*Data extract*
================================

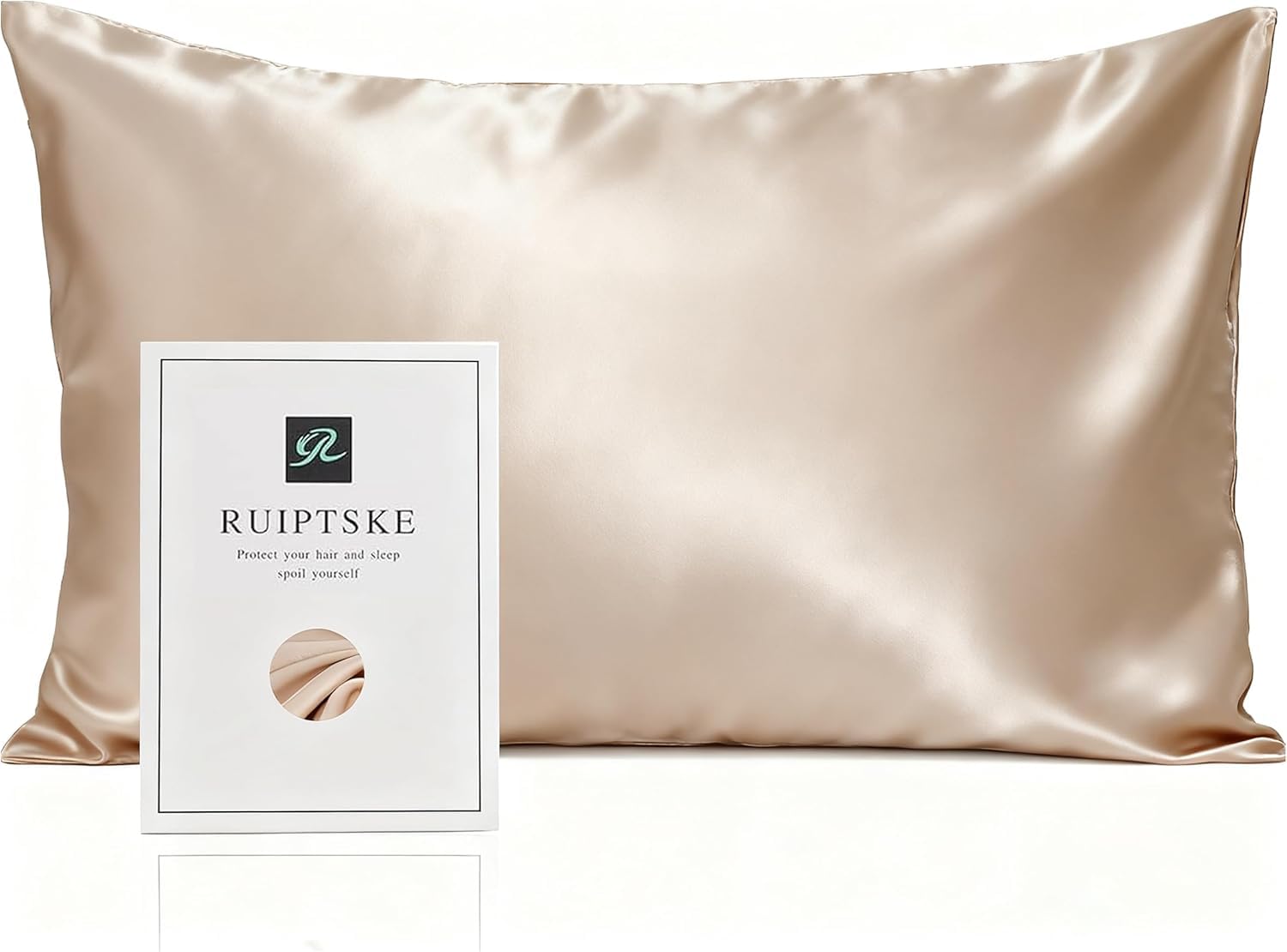 RUIPTSKE Natural Silk Federa, ipoallergenico, 22momme, 100% Seta, 600 Filati, con a Scomparsa Cerniera (Light Champagne, 50x80cm)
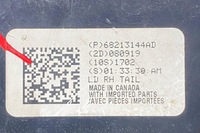 фото thumb №8, Лампа правая задняя dodge charger 68213144ad 3.6l бензиновый 218kw 2019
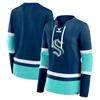 Fanatics Branded  Deep Sea Blue/light Blue Seattle Kraken Top Speed Lace-up Pullover Sweatshirt In Navy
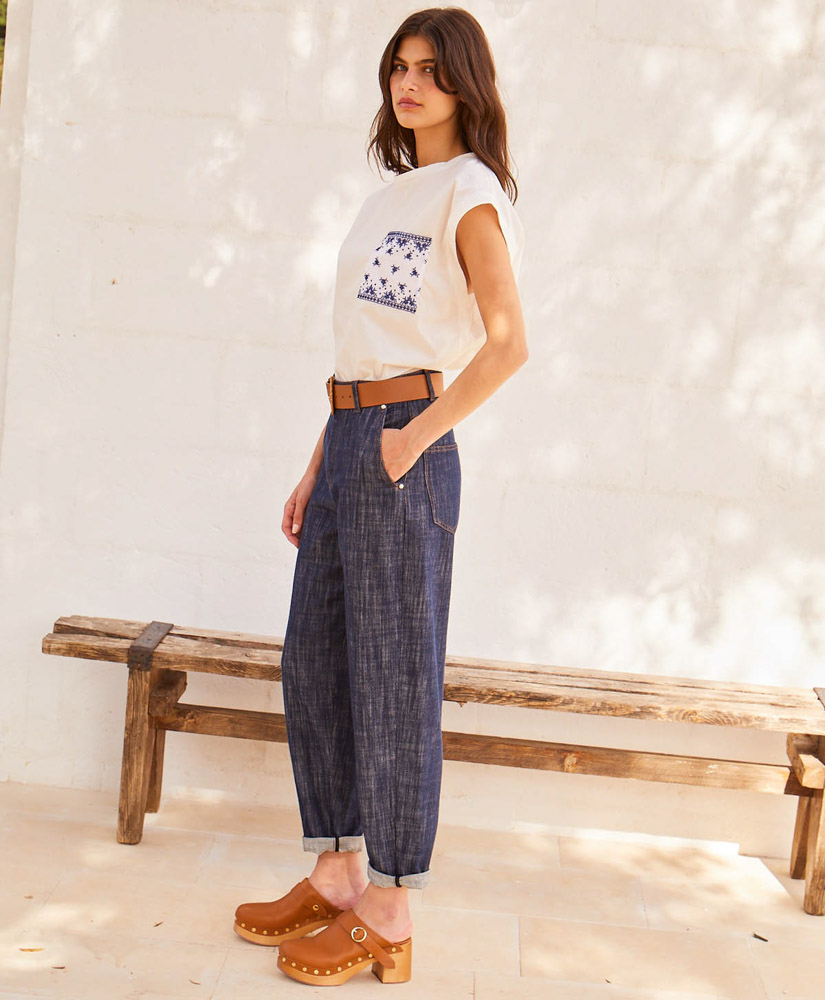 PANTALON JANE EN DENIM  -  BLEU JEANS - Momonì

================================

*Directions*
Leave the images out. Set down all of the material above exactly.

*Response to the task*
 RUIPTSKE Natural Silk Federa, ipoallergenico, 22momme, 100% Seta, 600 Filati, con a Scomparsa Cerniera (Light Champagne, 50x80cm)
 фото thumb №8, Лампа правая задняя dodge charger 68213144ad 3.6l бензиновый 218kw 2019
 Fanatics Branded  Deep Sea Blue/light Blue Seattle Kraken Top Speed Lace-up Pullover Sweatshirt In Navy
 PANTALON JANE EN DENIM  -  BLEU JEANS - Momonì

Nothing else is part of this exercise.